There is a sense that the world and hence life is becoming more prosaic, as if poetry isn’t there or has ceased to matter. It might seem un-poetic to even attempt to measure this sense of loss. Besides, statistics would obviously take into account only that which is being read in printed form and not all that is being created and heard, recited and sung.
If poets are born, then are we saying we live in a world where they have ceased to be born? That would almost be an apocalyptic eventuality because for all we know the rhythm of creation has coexisted with the rhythm of verse creation.
If we believe that as long as humankind has the ability and longing to imagine, feel and dream, there will be poems, what then is the lament about?
Is it in the sense of irony that in times where people are perpetually connected, the collective emotional experience of a culture that poetry used to represent is lost? Or is it?

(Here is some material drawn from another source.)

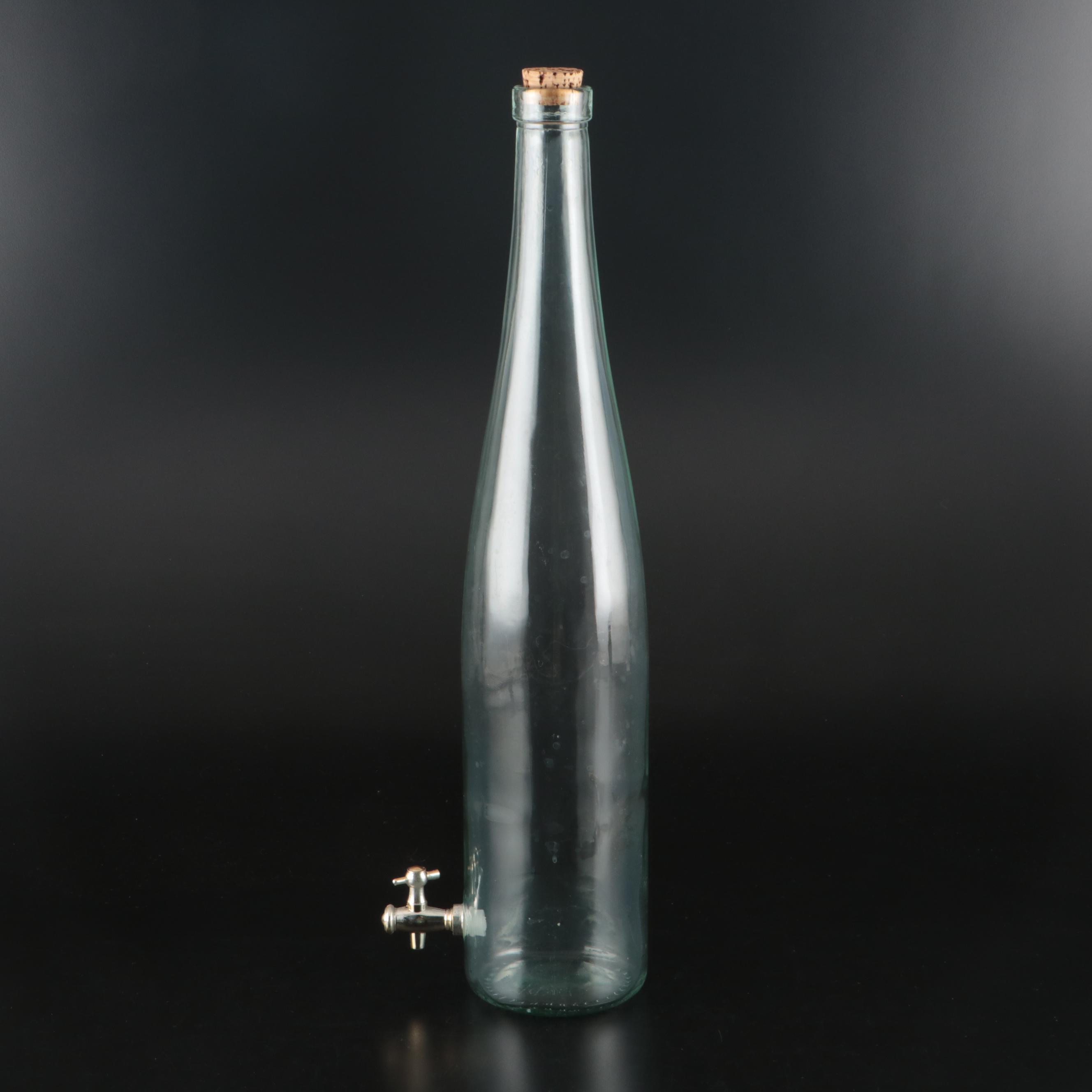 Italian Glass Bottle-Shaped Beverage Dispenser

Read also: Is the age of poetry over?
Perhaps, it has only changed form and found new ways of expression and listening. Perhaps, this most creative of art forms thought it only fit to break free of not just content but form as well, as suggested in one of the articles here. Perhaps, adherence to poetic tradition essentially means this persistent urge to create new thoughts in new forms.
In our own context, the lament is more about the artist than art; amid this wealth of poetry, what bothers is this absence of a “great Urdu poet” who has been around in one or the other form, however debated the status may have been. If there is no “barra shair” alive, whose verses people should have memorised mind you, can it be assumed that poetry is dead.
Desperation or hope, ennui or meaning, slam or social media, poetry is there as long as people connect with it or has the ability to change how to think and imagine — as long as it can cast a magical spell.